Hell, visible from any of those big apartment buildings over yonder like the World Towers with a view thirty, forty, fifty floors up and a universe safe from the seething nest of Redferners, from a people set against each other even though they suffered the same oppressor, same injustice, same racist hatred: they were divided here and so were ruled. By law, though in a limited way since it was dangerous to go right into Redfern, even if or especially if you were a cop.

With engine gunning up your arse sometimes the only choice is the fire, so Deano ran right. And up ahead another world, peopled by shapes making strange movement, the sounds coming down to meet him; they’d know the second he passed under a streetlight reflecting off his unpigmented complexion, he was out of his territory. Out of his
country. Knew it would take a face or three to remember him, to pluck the memory of seeing him when they were less drunk in the daylight hours, when he put himself out and about here.
Please, God.

Crying, yelling, bellowing, moaning, the strange staccato of their incoherent speech, the screaming and grunting of wild animals fighting, yet humans with their hopes six, seven generations dashed. Didn’t seem right he was hoping for their empathy.

Screech of the pursuer braking. Whine of it in reverse. Mad scamper of Deano’s sneakers on the road as he knew the pavement had uneven patches that could trip a man, snap his ankle. Running without desperate lungs had always been an ability he had, so he was fine on that score, even though he smoked.

Shit, a totally different world from the daytime. Shapes became milling groups of people in a state not only of gibbering drunkenness but self-immolation by spiritual insanity, setting themselves on fire; staggering and falling, on hands and knees, bent over vomiting, in some bizarre choreography whose sole instruction was to express despair — despair.

And now I’m one of you. You’re spewing your life up on the road. I’m running on it to save mine.
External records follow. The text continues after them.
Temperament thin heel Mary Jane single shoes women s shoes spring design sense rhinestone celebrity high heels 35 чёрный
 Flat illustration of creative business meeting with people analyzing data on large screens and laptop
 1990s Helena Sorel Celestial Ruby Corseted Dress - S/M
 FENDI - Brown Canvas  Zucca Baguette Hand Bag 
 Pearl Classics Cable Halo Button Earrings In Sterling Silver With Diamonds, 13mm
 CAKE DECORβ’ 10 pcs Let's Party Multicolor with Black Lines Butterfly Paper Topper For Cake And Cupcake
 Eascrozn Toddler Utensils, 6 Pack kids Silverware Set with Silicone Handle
Running past figures sprawled out of shop doorway recesses unconscious or fighting it, no Dreamtime here, that was gone, not even awaiting them in the Great Outback, not this lot. Running past scarecrows leaned and propped up against boarded-up store fronts covered in graffiti, blokes sat out on the road, befuddled — like someone had dropped them from the sky — lain on the road like slumbering reptiles their ancestors used to eat and pay homage to in art and worship for sustaining them, for nourishing spirit as well as body. Bodies strewn everywhere to his adjusted eyes, and staggering like zombies and corpses risen not so much from the grave as heading back. Shadows fell from shadows. This is Sydney town, world’s most beautiful harbour city, fifty-plus beaches, mild climate, a bit for everyone, made by God so whites could oust the Abos after forty thousand years, and later in the piece so migrants from everywhere could stream in. No one thought their paradise might have a virus that would one day invade the invader body cells and kill it dead. One day. But not soon. Might take another
forty thousand years. Maybe never.

Deano got an idea born of more than desperation, since several figures lined the street and the pavement both sides not fifty paces off, waiting to block him. And the car had forced him on to the pavement quite possibly to ram him —
me
— against the concrete wall alongside.


Undercover! Undercover cops
!’ he screamed. A warning that found somewhere to echo. And now he was forced to slow down to a walk, breathing heavily but not frantically, not from heaving lungs. Just mortal fear as the figures stood in a linked line right across the street now.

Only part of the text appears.